Material provided –
◇ ◇ ◇ ◇ ◇

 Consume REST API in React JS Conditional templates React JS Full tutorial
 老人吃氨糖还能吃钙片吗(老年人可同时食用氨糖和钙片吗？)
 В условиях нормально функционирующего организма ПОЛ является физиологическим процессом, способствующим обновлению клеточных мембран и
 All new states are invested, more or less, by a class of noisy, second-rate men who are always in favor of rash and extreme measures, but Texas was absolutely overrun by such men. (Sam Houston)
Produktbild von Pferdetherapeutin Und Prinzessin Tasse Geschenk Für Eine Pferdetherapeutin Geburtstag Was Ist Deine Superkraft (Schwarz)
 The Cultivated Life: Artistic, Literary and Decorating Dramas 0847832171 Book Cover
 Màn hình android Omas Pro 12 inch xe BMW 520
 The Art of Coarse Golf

◇ ◇ ◇ ◇ ◇

Directions – Please output exactly the lines from the one containing "Màn hình android Omas Pro 12 inch xe BMW 520" through the end of the records, both included.

Task output –
 Màn hình android Omas Pro 12 inch xe BMW 520
 The Art of Coarse Golf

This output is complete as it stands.